The fundamentals of turning coal into a liquid have been around for almost a century and are far from being a dark art.
However, when New Hope decided to build a concept plant at Jeebropilly it took several years for the company’s Projects Department to detail the process to suit their vision before the design was finalised.
Through a process called pyrolysis, coal can be ‘baked’ in an inert, or non-reactive atmosphere, releasing gas which is captured and then further processed, or distilled, using Fischer Tropsch (FT) synthesises to produce fuel such as diesel.
New Hope Project Manager Hans Paustian said while the process has been proven in large scale operations, the challenge for New Hope was to prove a scaled down version would work safely and prove environmentally compliant in the Australian context.

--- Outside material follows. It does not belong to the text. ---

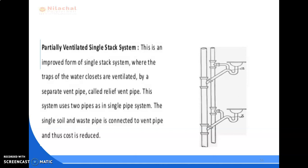The choice of plumbing system depends on various factors such as the use of the building, location of the building, and funds available. The prevailing bylaws of the locality regarding plumbing regulations also play an important role in the selection of the plumbing system.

“Basically, we needed to see if it was economically viable for a small scale plant to be located at a mine site, producing a suitable fuel for the site’s diesel powered equipment,” Hans said.
“Although the project involved an overseas secondment for several years, the most difficult aspect was in verifying and modifying the equipment to meet Australian standards and regulations.
“Like all projects this was a group effort and we called on the skills and experience of both in-house workers and external consultants. Once in Australia the entire New Hope Projects department checked every piece of equipment, its design and aspect of risk, safety and environment to ensure it was suitable for use.”
Hans said the work overseas consisted of becoming competent with the technology and arranging the shipping of the equipment.
“We set up a laboratory in Pittsburgh where we conducted tests to verify the process results,” Hans said.